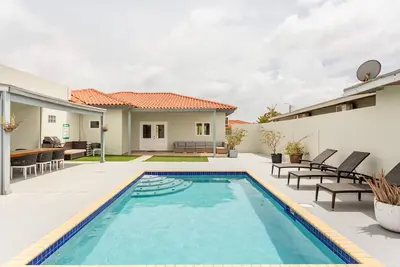 Image de Villa Topaz- 3br | 2ba-5 car min to Palm Beach
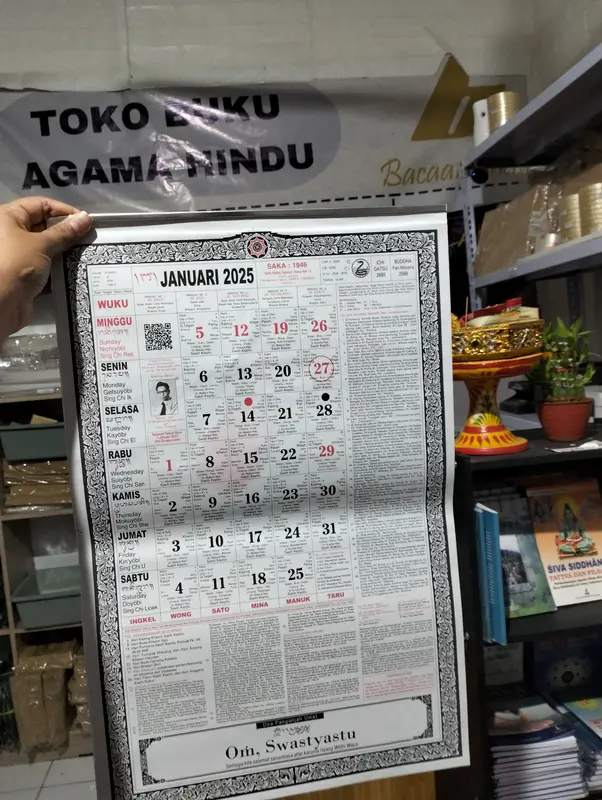 Kalender Dinding Dan Meja Bali Bambang Gde Rawi 2025 1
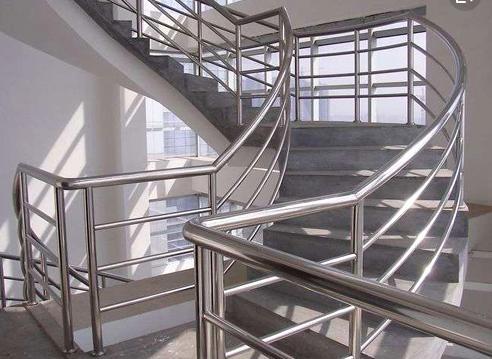 农村楼梯扶手要用实木还是不锈钢,听完老师傅分析,后悔我家装错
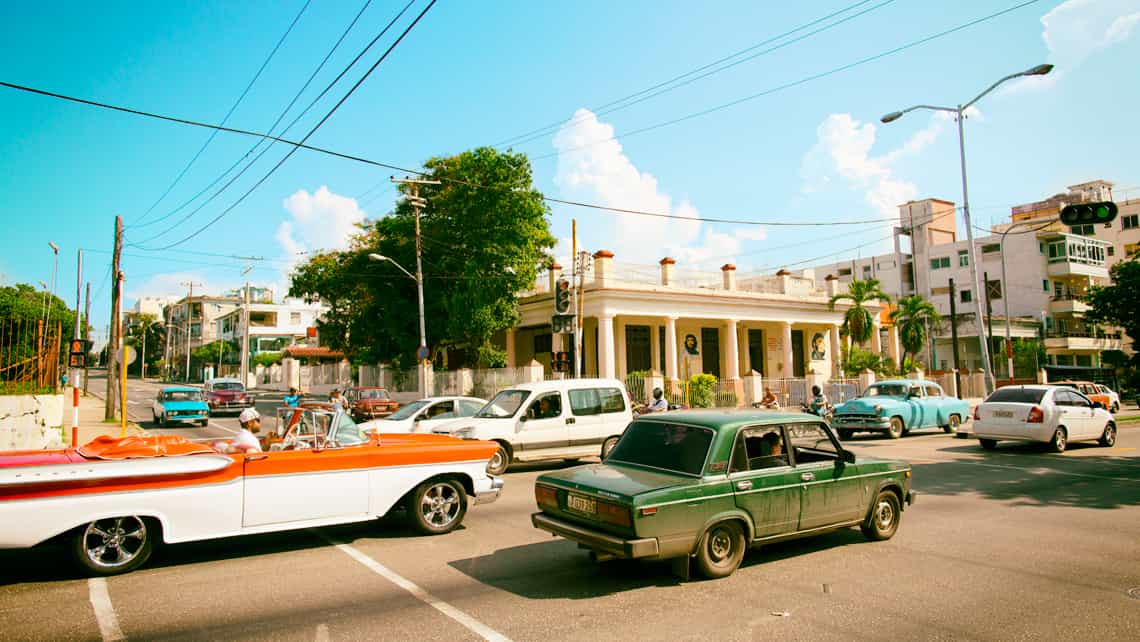 Trafico en la esquina de Linea y 12 en el Vedado, Habana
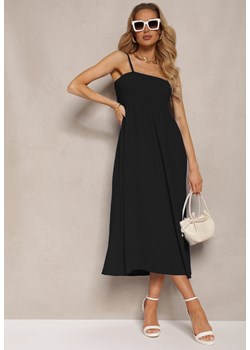Czarna Sukienka o Rozkloszowanym Kroju z Marszczeniem i Regulowanymi Ramiączkami Ebinara ze sklepu Renee odzież w kategorii Sukienki - zdjęcie 172051879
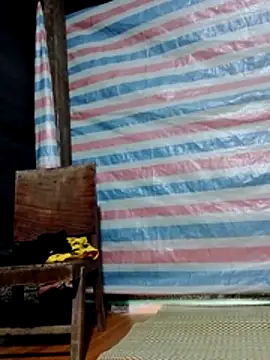 Snapshot of Georgia_here chatting on 12.04.25 Georgia here online show from 12.04.25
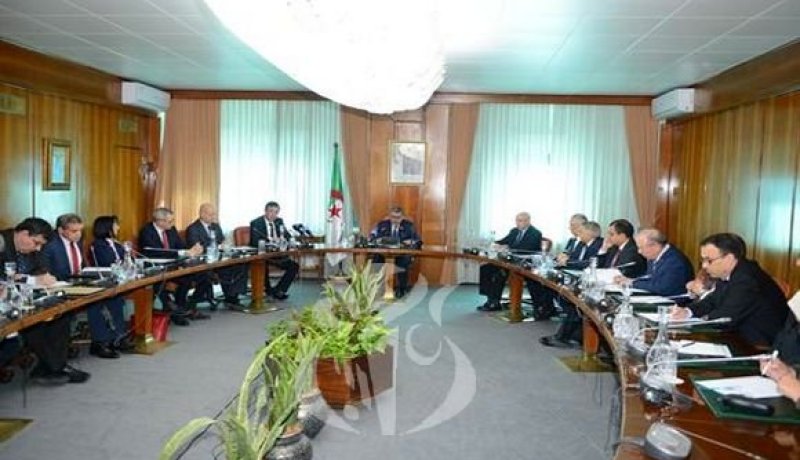 جراد ينصب رضا تير رئيسا للمجلس الإقتصادي والإجتماعي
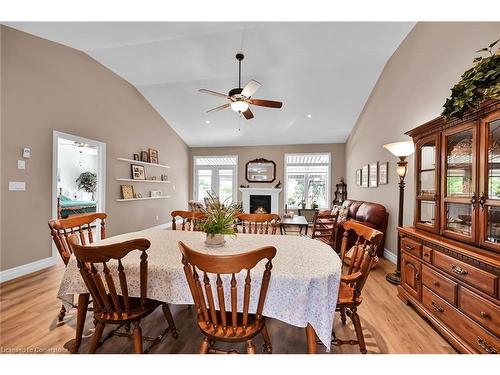 6-247 Munnoch Boulevard, Woodstock, ON - Indoor Photo Showing Dining Room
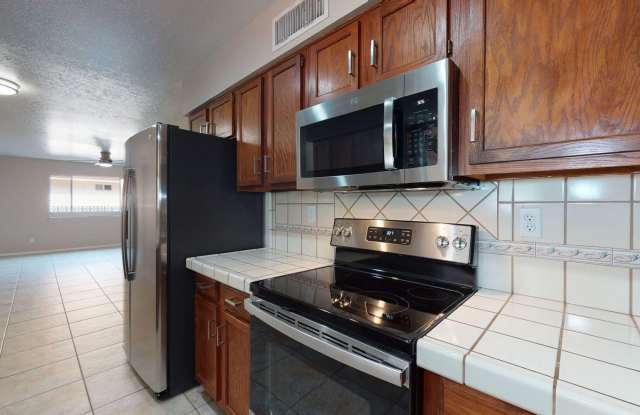 Nice 3 bedroom 2 bath in Tempe! photos photos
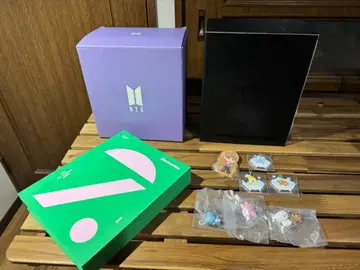 BTS 굿즈 3종 세트 (MERCH BOX #3 외)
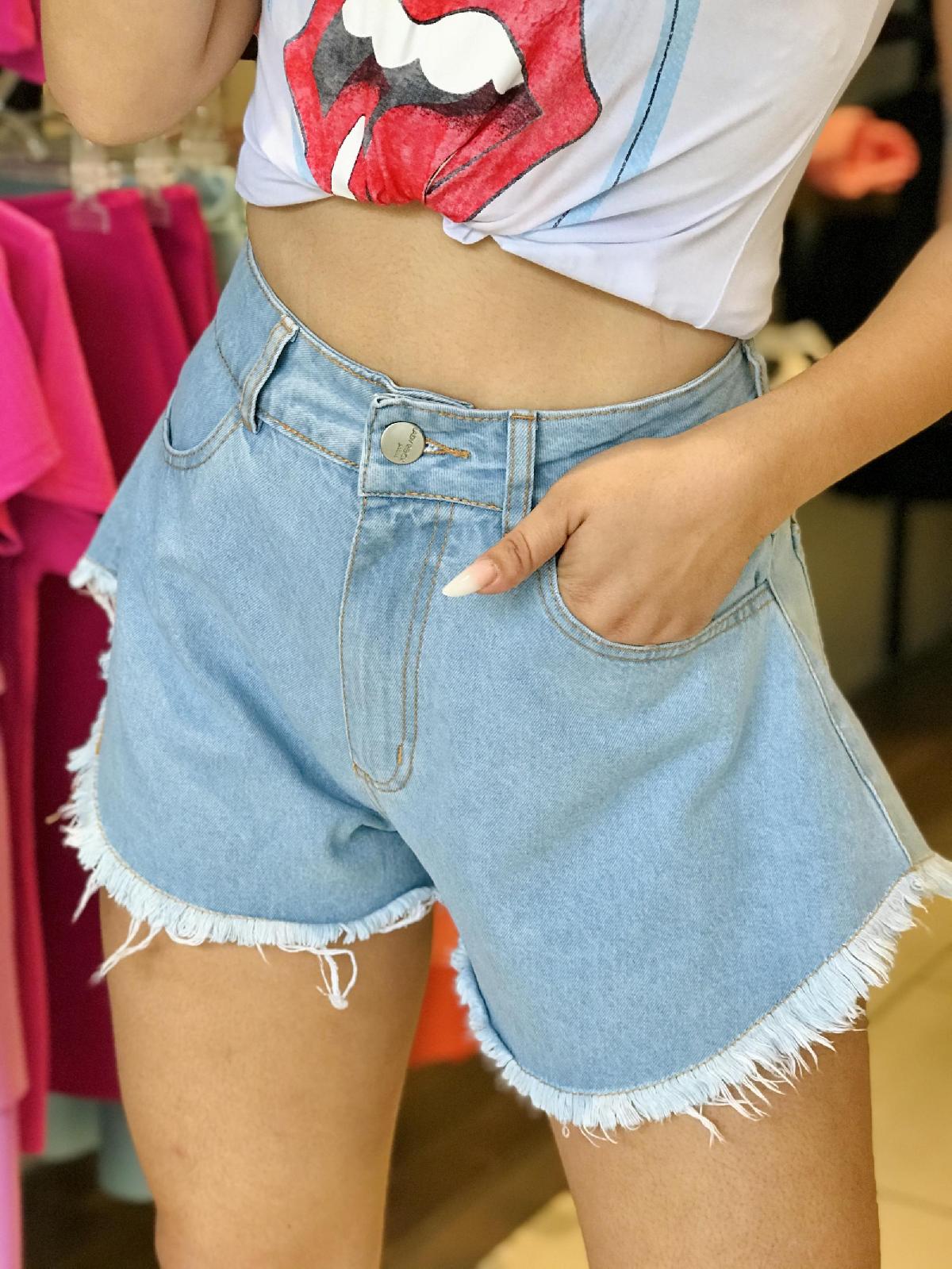 Foto do produto Shorts Lady Rock Jeans Claro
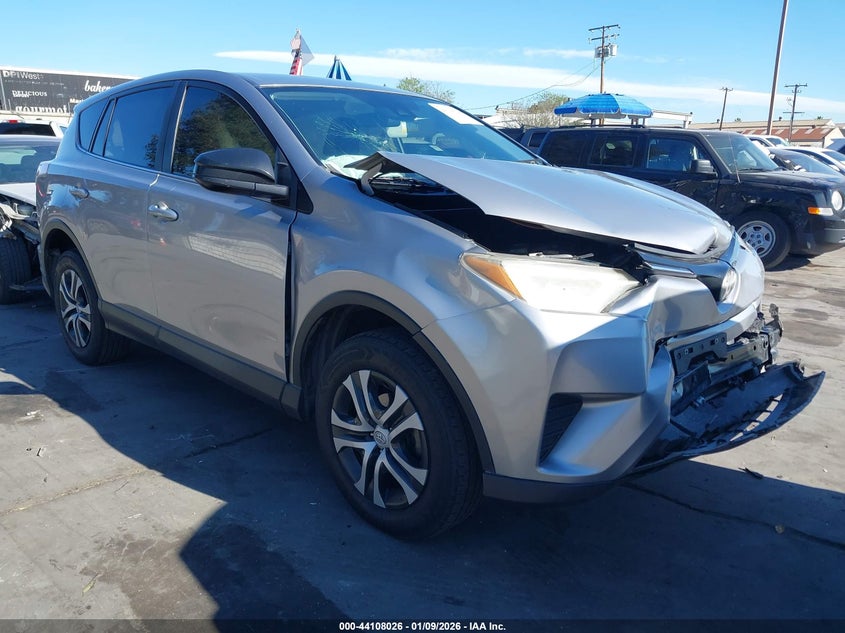 JTMZFREV5JD127352 2018 Toyota Rav4 Le auction photo 1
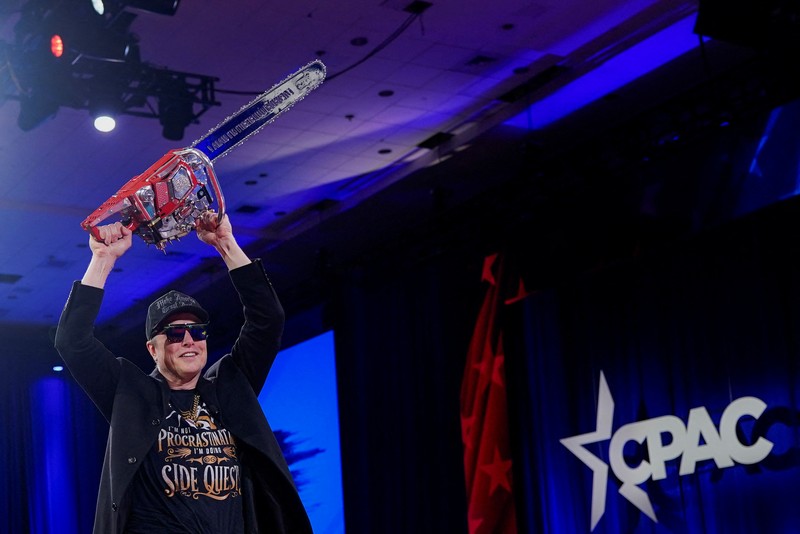 Elon Musk memegang gergaji mesin di atas panggung saat menghadiri Konferensi Aksi Politik Konservatif (CPAC) di National Harbor, Maryland, AS, 20 Februari 2025. Elon Musk memegang gergaji mesin di atas panggung saat menghadiri Konferensi Aksi Politik Konservatif (CPAC) di National Harbor, Maryland, AS, 20 Februari 2025. (REUTERS/Nathan Howard)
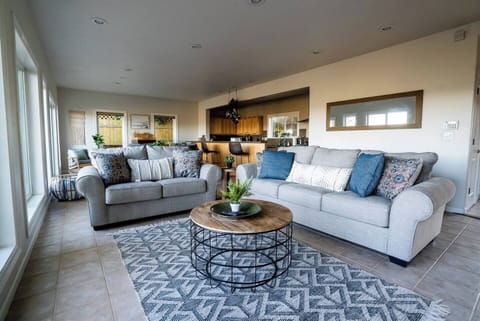 Great open layout allows for good conversation and fellowship whether your cooking that fresh caught fish or gazing out at the mountain from the comfort of your couch!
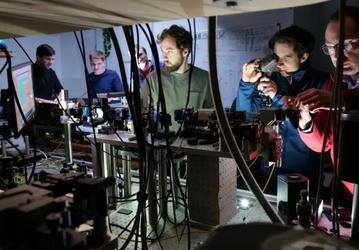 Учёные впервые успешно телепортировали квантовую информацию между фотонами, излученными разными квантовыми точками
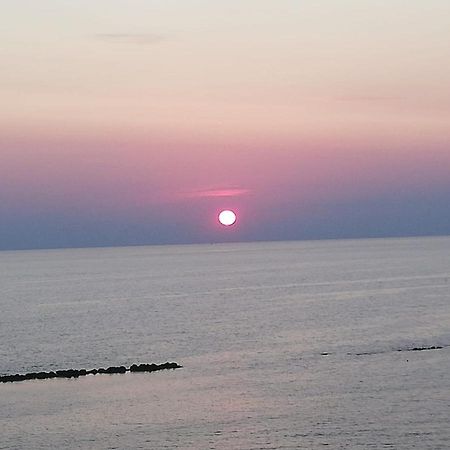 Apartamento La Terrazza Di Nerone Anzio Exterior foto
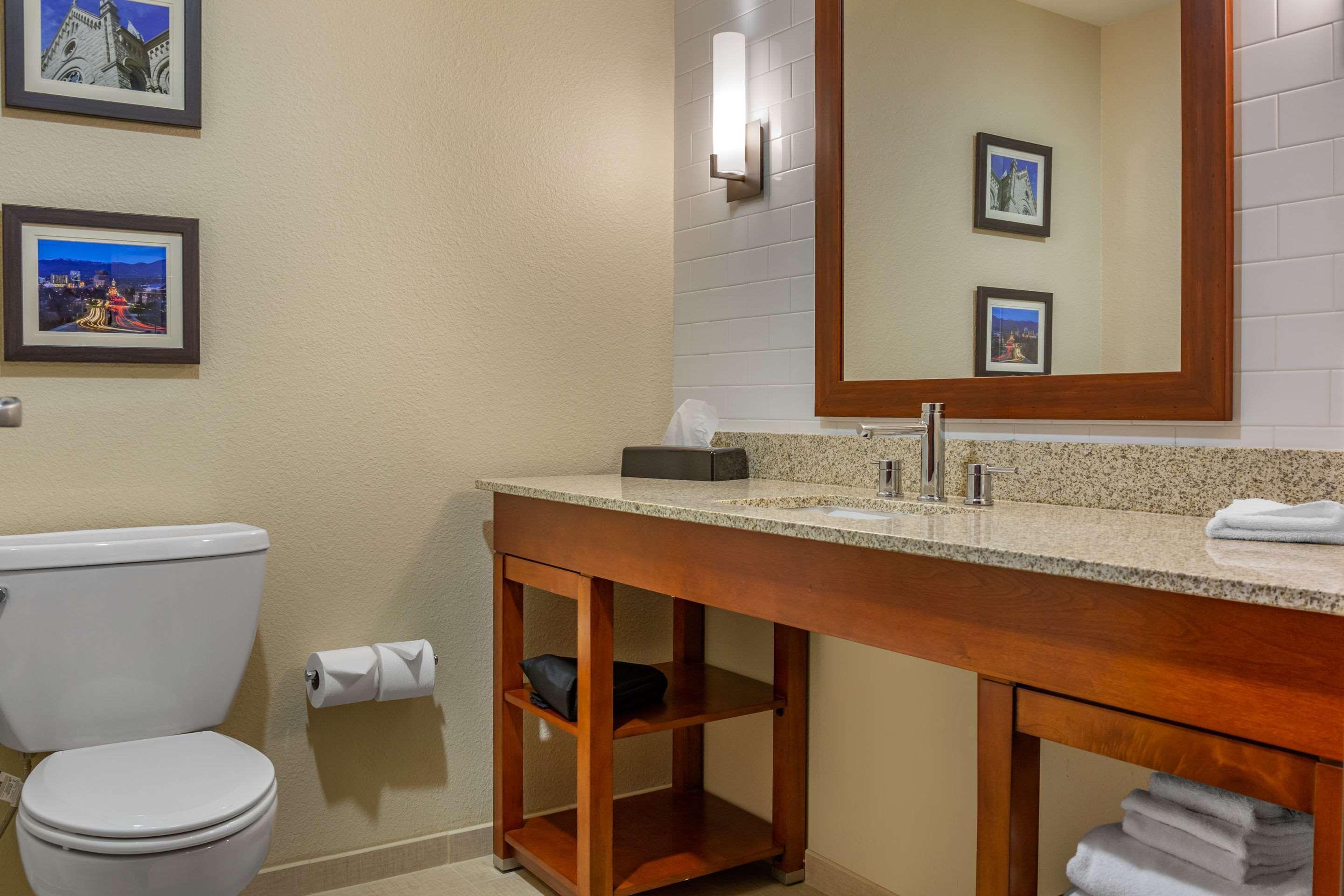 Comfort Inn & Suites Boise Airport Ngoại thất bức ảnh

(TASK PROMPT)
Your output should consist solely of the lines from the line containing "Apartamento La Terrazza" through the end of the data above, copied exactly, with images removed.

(SOLUTION)
 Apartamento La Terrazza Di Nerone Anzio Exterior foto
 Comfort Inn & Suites Boise Airport Ngoại thất bức ảnh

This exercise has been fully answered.